Second, and this is the harder part for us Presbyterians, let’s talk about it with each other. Do you have someone you can trust to talk about something so personal as how you believe God may be working through your life; and, to ask and listen to how God may be acting through the life of another? Much is made of how ill-equipped the average Presbyterian is to talk about faith with friends outside of the community of faith; but, before we can even think about how to do that, and how to invite someone into the life of faith we enjoy together, wouldn’t it make sense to talk about it with one another?
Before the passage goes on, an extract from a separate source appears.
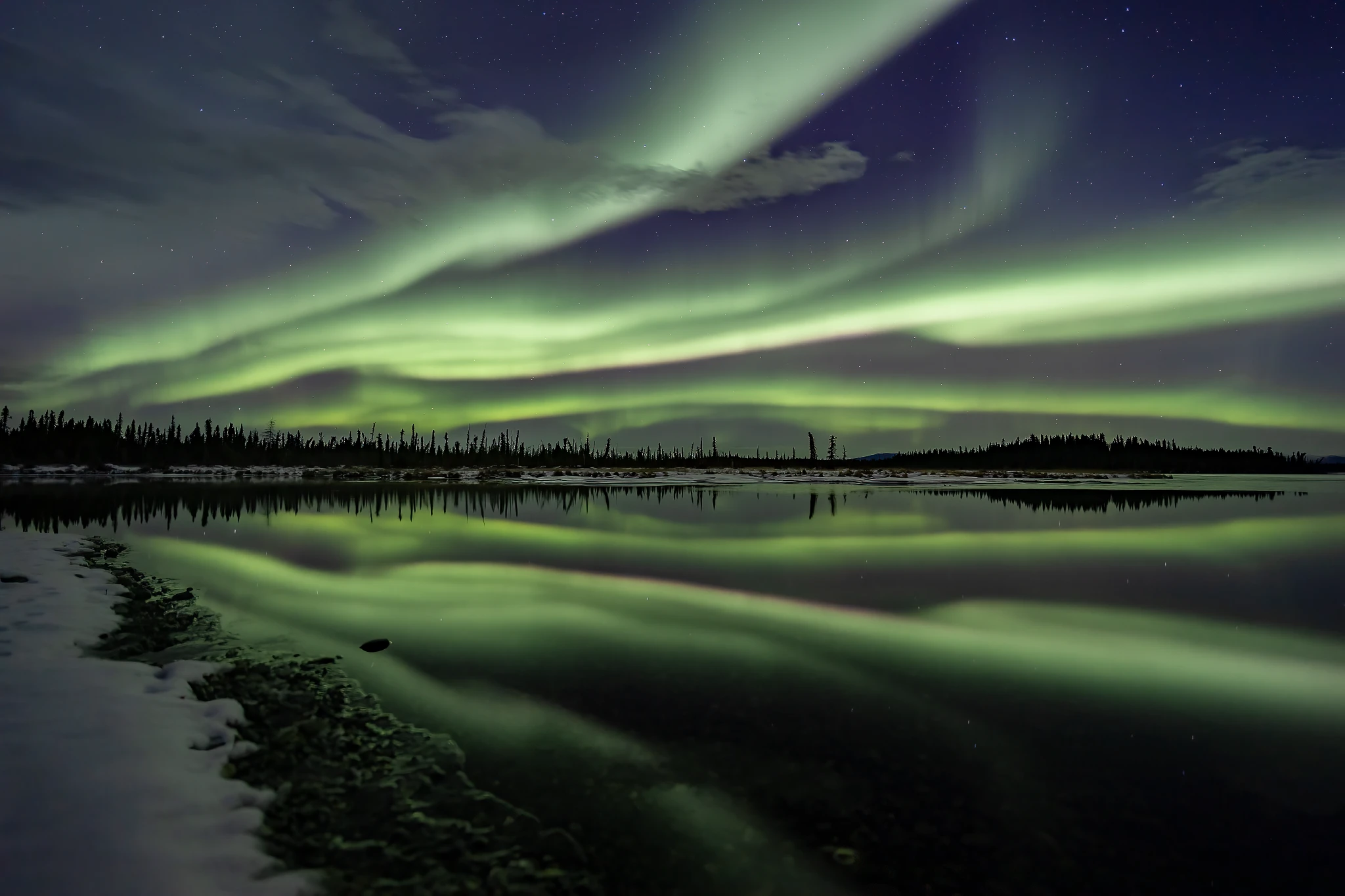 Lake With Aurora View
This is hard for a people who take seriously the warnings of Jesus not to wear our religion as a badge of honor, not to pray too loudly or too long in public, but to go into a closet in secret to pray; to hide any evidence of fasting; to give quietly, not letting the left hand know what the right hand is doing.
The key I think, is to wear our religion, not as a badge of honor, but as a garment of wonder. The only answer to Kristofferson’s question, “What have I ever done to deserve even one of the pleasures I’ve known?” – the only answer is “Nothing.”
If we start there, knowing how we stand in need of grace, then we can rise up with the new life of a widow’s only son, and live and speak in a way that reveals that God is at work in the world, and we are part of that. Thanks be to God. Amen.